以前他以為,女孩幾次三番拒絕他的醫治,是因為心有積郁,一時想不開。

現在看來,也許這就是她一直在等待的最佳責罰。

她其實早就選好了自己的終局。

師兄妹至此不再多言,他當著解縈的面清點好她的信物,轉而護送她出門。

仇楓守在醫館門口。

與從前相比,仇楓面容憔悴,整個人形銷骨立,看著竟有幾分落拓不羈的味道。

晏寧覺得這氣質眼熟,但一時難以捕捉到就中連接。

仇楓拖著一條腿迎了上來,看起來很是緊張解縈的身體。晏寧註意到,青年的左腿受了重創,就算日後調養再得當,他這一生,也無法恢覆如常了。

仇楓顯然無意就自己的傷勢和晏寧多談,只說以後可能會來拜訪晏寧,他委托晏寧為兩人保守好秘密,不要向任何人透露他們倆的影蹤。

而晏寧直接繞過他,叫住了很早開始就沈默不語的解縈。

“你今晚著急離開,有想過不封那邊怎麽處理嗎。”

“我有我自己的方法。運氣好的話,大哥會徹底忘了我。運氣差的話……大哥也頂多是記起我們這段時間的朝夕共處,而那時,我應該已經走得足夠遙遠。師兄不用過多為我們擔心。我此前已同大哥明說,這裏不是我的終點,我總有一天會離開巴陵。”她沈默了半晌,酸澀地低下頭,“他會懂的。”
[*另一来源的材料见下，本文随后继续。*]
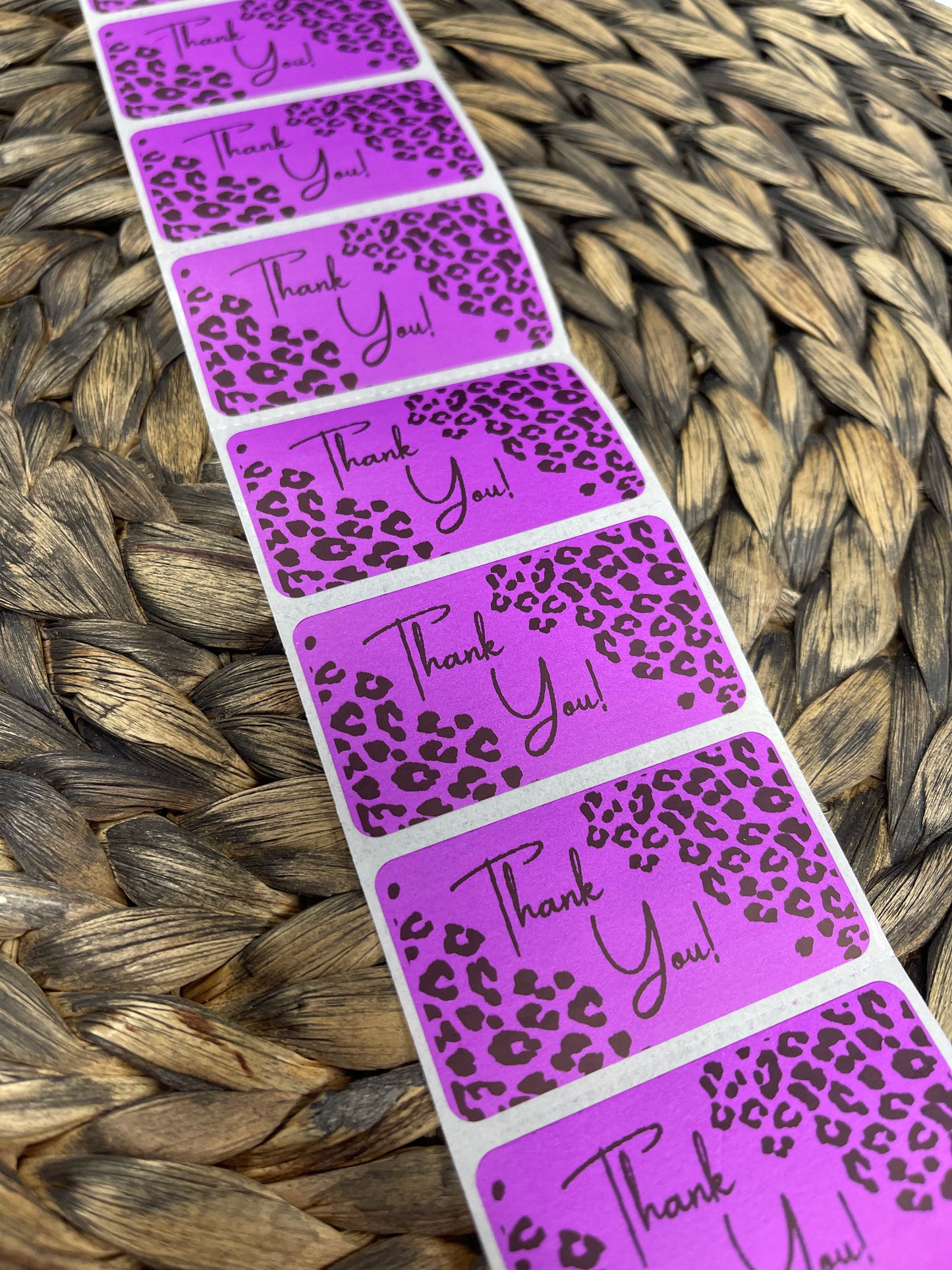#5 - Thank You Leopard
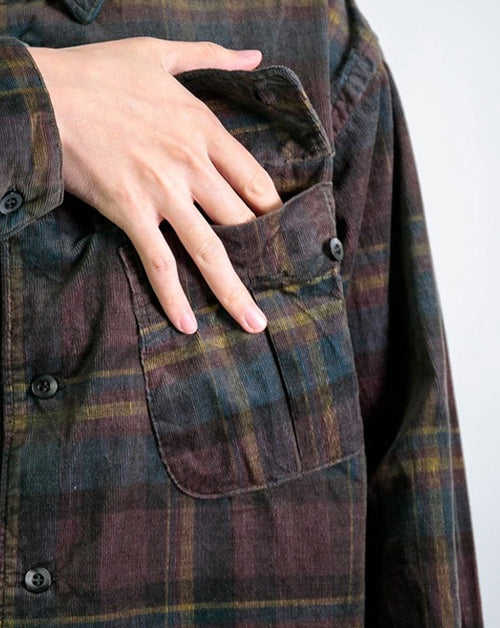 Corduroy Fatigue Shirt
晏寧苦笑:“可就我對他的了解,他可不是那種會輕易放棄的人。”

“大哥是個瀟灑的人,懂得拿得起,放得下。”

“行,算我多操心。但……有件事你總是要說清的,不然師兄我可不會輕易幫你隱瞞。”

解縈摸了摸自己的小腹,她知道晏寧要問什麽。

“我從出生以後,就一直在被人拋棄。即便是大哥,也一度棄我而去。我半生所求,也只是想留住身邊的人和事,可到頭來,我留不住大哥,也留不住留芳谷。走到最後,還是孤身一人。我想有家人。一個真正的家人,一個由我帶來,不會輕易棄我而去的家人……”她竭力仰起頭,笑裏含淚,“師兄,你能明白嗎?”